|Title||Cane, Staff, English, 17th. Cent.; Of the Swain Family|
|Description||Of the Swain Family; Metal Tip, Ivory Handle|
|Material||Wood (yew or orange), ivory|
John Farrar Swain, a native of Reading, VT, who, about 1857, located on a homestead 5 miles south of Papillion, Sarpy County, Nebraska, and resided in that vicinity until his death on April 1, 1891. Following his death, the cane passed to his son, Elmer P., following whose death in 1913 it passed to his eldest son, Lloyd E., now (in 1942) a resident of San Diego, Calif. The latter, having no son, placed the cane in the custody of Robert E. Swain, a nephew, now enlisted for U.S. Army service during WWII. Undoubtedly the cane, more properly know as a quarterstaff, is more than 400 years old. It was brought to America by Swains who came from England or Scotland about 1638 and settled at Reading, Mass. For unknown generations preceding that period, and subsequently, the cane has been held by a male member of the Swain family in each succeeding generation, usually descending from father to eldest son. Dangers attendant with the participation of present descendants of John Farrar Swain in WWII, which may disturb the traditional line of descension, prompt this means of custodianship. The quarterstaff was carried by early landowners of England and Scotland as a combined walking stick and weapon, or cudgel.

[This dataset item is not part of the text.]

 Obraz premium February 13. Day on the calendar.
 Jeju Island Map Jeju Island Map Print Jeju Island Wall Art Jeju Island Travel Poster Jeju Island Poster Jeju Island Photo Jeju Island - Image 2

John Farrar Swain descended from Jeremiah Swain, who came from England or Scotland in 1638-39 and settled at Reading, Mass. His father, Nathaniel Swain II (1769 - 1850), was one of the founders of Reading, VT. As a young man, in harmony with traditions of the family during Colonial and Revolutionary days, John Farrar Swain enlisted for military service. In 1839 he was commissioned lieutenant colonel of the 24th regiment, 2nd brigade, 3rd division, of the Vermont State Militia. In 1851, with his wife and four children then living, he joined other Vermonters in moving to Grand Detour, Ill., where John Deere had established a factory for the manufacture of his invention, the plough moulding board. His first wife Lydia (Davis) Swain, died in 1854. Two years later, he married Marcia Saphronia Kingsley, a widow with two children. One year later, the family moved to Nebraska, crossing the Missouri River by ferry at Omaha or Bellevue, and finally located on a homestead in Sec. 15, Twp. 13, R. 12 E., 5 miles south of Papillion. Indian scares and crises growing out of the possible extension of slave-holding territory, led to the organization of a local militia in Sarpy County, and in view of his military experience, John F. Swain was chosen drill master. At the outbreak of the Civil War this company became the nucleus of the Nebraska regiment which followed Gen. John M. Thayer's command under General Grant. Later it became know as Company B, First Nebraska regiment. In his advanced years, John Farrar Swain retired and moved to Papillion. While on a visit to Springfield, Nebraska, he was stricken with a stroke of paralysis which resulted in his death April 1, 1891. The children of John F. and Lydia (Davis) Swain were: Frances M. Married Payson A. Pierce, and resided in Vermont and New Hampshire until her death at Claremont, NH in 1930; Elvira. Died in infancy.; Elmer P. Resided in Sarpy and Otoe counties, Nebraska. Died at Omaha in 1913.; Lucia R. Married James E. Campbell, and resided in Sarpy and Douglas counties. Died at Omaha in 1909.; Lewis. Twin brother of Lucia. Died in Sarpy County in 1863. The children of John F. and Marica (Kingsley) Swain were: Ellen. Married James E. Pike, and resided in Sarpy and Cedar counties. Died in Cedar County in 1910.; Mary V. Married George J. TImberlake, and now (in 1942) resides at Omaha, NE.; Albert K. Now (in 1942) resides near Reserve, Kansas.; Oliver C. Resided in Sarpy and Cedar counties. Died in Cedar County in 1917.